• **WHAT YOU ARE ASKED TO DO**
The expected response is the full listing, retyped exactly, without its images.

### DATA FOR THIS EXERCISE ###

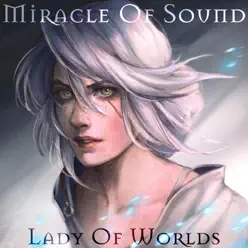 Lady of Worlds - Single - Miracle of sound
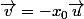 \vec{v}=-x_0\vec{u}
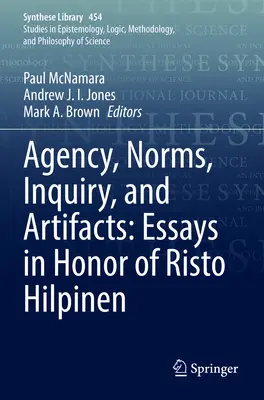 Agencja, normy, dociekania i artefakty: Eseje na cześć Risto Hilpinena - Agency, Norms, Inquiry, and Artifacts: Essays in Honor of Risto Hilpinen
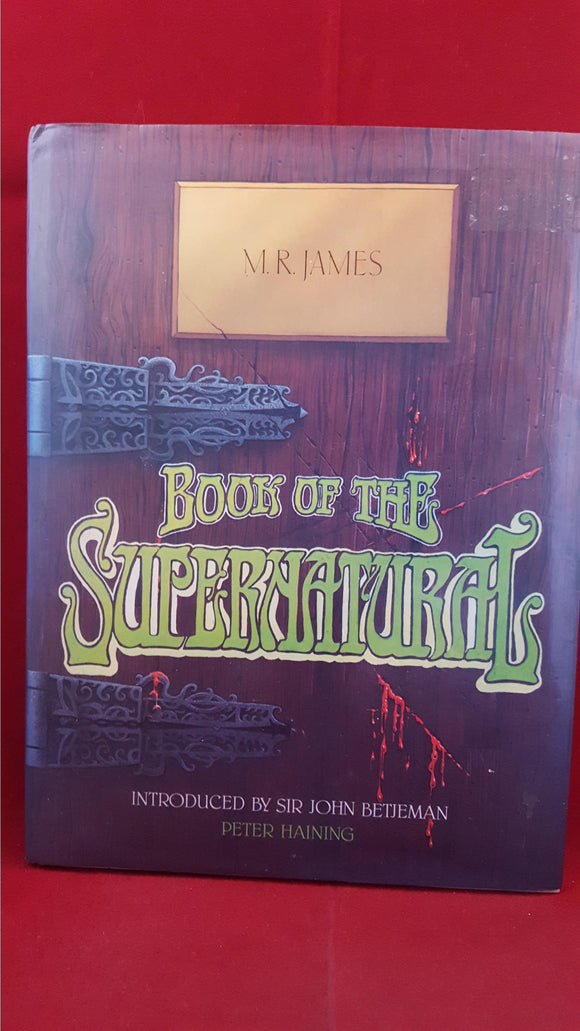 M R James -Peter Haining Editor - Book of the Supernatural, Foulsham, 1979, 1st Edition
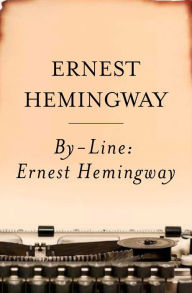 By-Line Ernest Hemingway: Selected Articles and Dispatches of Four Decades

###

• **SOLUTION FOR THIS TASK**
 Lady of Worlds - Single - Miracle of sound
 \vec{v}=-x_0\vec{u}
 Agencja, normy, dociekania i artefakty: Eseje na cześć Risto Hilpinena - Agency, Norms, Inquiry, and Artifacts: Essays in Honor of Risto Hilpinen
 M R James -Peter Haining Editor - Book of the Supernatural, Foulsham, 1979, 1st Edition
 By-Line Ernest Hemingway: Selected Articles and Dispatches of Four Decades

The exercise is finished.